In 2022, Latin America and the Caribbean came closer to achieving the greater levels of cooperation necessary to tackle common challenges and benefit from the common opportunities they brought, from jointly tackling crime and corruption to resolving to resolve Caribbean air transport problems by making flying affordable again; and Saint Lucia outperformed Barbados and its Organization of Eastern Caribbean States (OECS) partners on the estimated economic growth front.
But perhaps the biggest positive 2022 story on the global stage was a Caribbean one that (regrettable) the Caribbean media has also largely either not seen or yet understood: Guyana’s emergence as the world’s fourth-biggest oil supplier, with an estimated capacity to produce one million barrels per day by 2026.

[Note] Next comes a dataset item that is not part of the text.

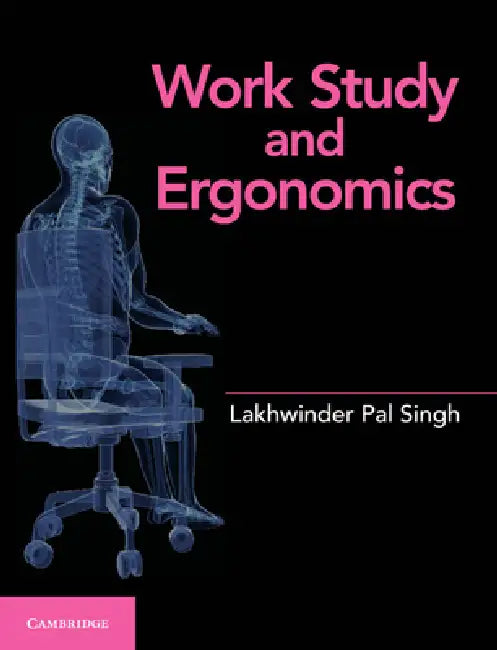 Work Study and Ergonomics by Lakhwinder Pal Singh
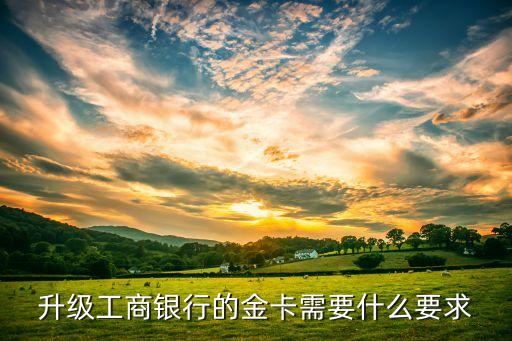 升級(jí)工商銀行的金卡需要什么要求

The current Guyana government, midway through its five-year term, set out this year to spread and share more of the new oil and gas spoils with and for Guyanese at home and abroad, President Dr Irfaan Ali’s PPP/Civic administration also developing local capacity and acquiring greater interest in the fast-emerging local and global energy market, increasing its capacity to manage Guyana’s transition from the Caribbean’s second-poorest nation after Haiti (between 1964 and 1992) to the region — and the world’s — fastest-growing oil economy, just three decades later.
It’s taken 58 years for Guyana to extract and extract from its abundance of natural resources, levels of capital commensurate with its size and capable of assisting in joint development of an entirely new Caribbean.
Same with Surinam after four decades of independence, now also with the new wealth and possibilities of, with Guyana, Trinidad and Brazil, along with Cuba and Venezuela, working together on common issues ranging from Agriculture to Energy and Trade, towards construction of the new platforms and structures that will allow the Caribbean and Latin America to enhance joint regional and global cooperation for mutual benefit, like never before – in a time like never before!